Intraseasonal Variability of Summer Monsoon Rainfall and Droughts over Central India
Rainfall over Madhya Pradesh (MP) in central India has large intra-seasonal variability causing droughts and floods in many years. In this study, rainfall variability in daily and monthly scale over central India has been examined using observed data. Consistency among various datasets such as rainfall, surface temperature, soil moisture and evapotranspiration has been examined. These parameters are from various different sources and critical for drought monitoring and prediction. It is found that during weak phases of monsoon, central India receives deficit rainfall with weaker monsoon circulation. This phase is characterized by an anticyclonic circulation at 850 hPa centered on MP. The EOF analysis of daily rainfall suggests that the two leading modes explain about 23–24% of rainfall variability in intraseasonal timescale. These two modes represent drought/flood conditions over MP. Relationship of weak phases of rainfall over central India with real-time multivariate (RMM) indices of Madden Julian Oscillation (MJO) has been examined. It is found that RMM-6, RMM-7, RMM-1 and RMM-2 describe the weak monsoon conditions over central India. However, frequency of drought occurrence over MP is more during RMM-7 phase. Surface temperature increases by about 0.5°–1° during weak phases of rainfall over this region. Soil moisture and evapotranspiration gradually reduce when rainfall reduces over the study region. Soil moisture and evapotranspiration anomalies have positive pattern during good rainfall events over central India and gradually reduce and become negative anomalies during weak phases.

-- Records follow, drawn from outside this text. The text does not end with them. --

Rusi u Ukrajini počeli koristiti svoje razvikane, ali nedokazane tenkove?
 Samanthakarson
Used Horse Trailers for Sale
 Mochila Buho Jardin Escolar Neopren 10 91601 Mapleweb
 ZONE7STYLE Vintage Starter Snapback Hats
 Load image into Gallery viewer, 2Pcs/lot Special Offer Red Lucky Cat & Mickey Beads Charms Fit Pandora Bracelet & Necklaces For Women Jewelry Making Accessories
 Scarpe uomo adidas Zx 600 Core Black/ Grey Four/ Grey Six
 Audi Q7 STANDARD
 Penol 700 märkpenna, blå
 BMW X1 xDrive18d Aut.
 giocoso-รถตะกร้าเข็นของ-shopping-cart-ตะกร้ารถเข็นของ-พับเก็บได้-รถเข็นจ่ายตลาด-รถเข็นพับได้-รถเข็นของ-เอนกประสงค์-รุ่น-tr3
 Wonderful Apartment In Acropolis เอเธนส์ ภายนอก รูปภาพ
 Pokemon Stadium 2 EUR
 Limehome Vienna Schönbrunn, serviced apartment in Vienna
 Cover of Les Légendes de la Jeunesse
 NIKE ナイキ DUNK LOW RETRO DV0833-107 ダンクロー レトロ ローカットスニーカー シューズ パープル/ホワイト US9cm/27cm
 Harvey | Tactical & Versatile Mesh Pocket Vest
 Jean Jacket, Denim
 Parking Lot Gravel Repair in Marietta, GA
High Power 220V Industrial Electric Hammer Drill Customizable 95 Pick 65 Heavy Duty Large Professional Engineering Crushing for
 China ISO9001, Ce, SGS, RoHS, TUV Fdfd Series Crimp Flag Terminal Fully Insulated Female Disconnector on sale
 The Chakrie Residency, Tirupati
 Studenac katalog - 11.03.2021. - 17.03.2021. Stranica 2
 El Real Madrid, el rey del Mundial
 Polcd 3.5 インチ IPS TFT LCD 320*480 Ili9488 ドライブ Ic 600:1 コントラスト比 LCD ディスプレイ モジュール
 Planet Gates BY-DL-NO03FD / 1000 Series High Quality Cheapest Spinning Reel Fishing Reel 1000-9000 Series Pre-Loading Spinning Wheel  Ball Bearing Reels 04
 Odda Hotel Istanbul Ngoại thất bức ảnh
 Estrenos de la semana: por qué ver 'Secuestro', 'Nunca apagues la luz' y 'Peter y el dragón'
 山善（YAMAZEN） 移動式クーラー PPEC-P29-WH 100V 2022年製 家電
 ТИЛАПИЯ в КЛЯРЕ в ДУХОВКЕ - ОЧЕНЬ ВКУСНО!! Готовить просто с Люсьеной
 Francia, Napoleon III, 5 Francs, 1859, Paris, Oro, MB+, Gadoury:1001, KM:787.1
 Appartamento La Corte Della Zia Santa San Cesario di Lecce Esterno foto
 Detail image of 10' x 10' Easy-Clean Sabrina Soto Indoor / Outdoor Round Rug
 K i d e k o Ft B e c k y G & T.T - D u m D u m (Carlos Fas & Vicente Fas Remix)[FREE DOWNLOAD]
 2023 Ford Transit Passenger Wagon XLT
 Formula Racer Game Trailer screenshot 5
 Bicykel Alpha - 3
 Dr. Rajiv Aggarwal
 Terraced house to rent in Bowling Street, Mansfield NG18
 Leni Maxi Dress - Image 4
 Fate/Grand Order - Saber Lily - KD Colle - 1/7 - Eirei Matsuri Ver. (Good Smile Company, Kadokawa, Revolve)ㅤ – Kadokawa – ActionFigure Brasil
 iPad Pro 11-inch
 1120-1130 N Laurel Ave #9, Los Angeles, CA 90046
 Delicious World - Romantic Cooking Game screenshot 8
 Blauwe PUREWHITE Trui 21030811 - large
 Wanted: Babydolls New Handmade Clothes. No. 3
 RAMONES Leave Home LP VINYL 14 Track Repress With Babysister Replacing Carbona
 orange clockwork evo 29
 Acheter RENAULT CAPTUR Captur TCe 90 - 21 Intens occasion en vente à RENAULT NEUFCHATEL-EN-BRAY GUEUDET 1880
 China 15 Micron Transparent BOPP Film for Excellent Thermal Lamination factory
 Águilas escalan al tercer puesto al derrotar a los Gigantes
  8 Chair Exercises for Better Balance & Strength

KeywordsRainfall Central India drought intraseasonal interannual MJO
Droughts cause significant loss to economy and damage to environment. Droughts cannot be prevented, but much can be done to reduce the impacts through preparedness, mitigation using better forecasting techniques. Droughts occur due to deficient precipitation and high evapotranspiration. Central part of India, also known as the core monsoon zone (CMZ), receives most of precipitation during summer monsoon season [June, July, August and September (JJAS)]. The CMZ region is considered representative for both the mean performance as well as for variability of the monsoon over India (Sinha et al. 2011). The population of the Indian subcontinent depends on cereal and pulse production. Central India is counted as one of the biggest suppliers of wheat, soybean, paddy, etc. The summer monsoon rainfall is also important for fulfilling the demands of drinking water and agriculture. Drought disasters often cause reduction in crop production or even maximum crop failure over central India. This region receives almost 95% rainfall during southwest monsoon (JJAS). However, this region is vulnerable to extreme events such as droughts and floods and experiences regular, spatially broad, and long-term droughts that cause the most severe losses to the agricultural economy (Sikka and Gadgil 1980; Rajeevan 2001; Shrivastava et al. 2016a).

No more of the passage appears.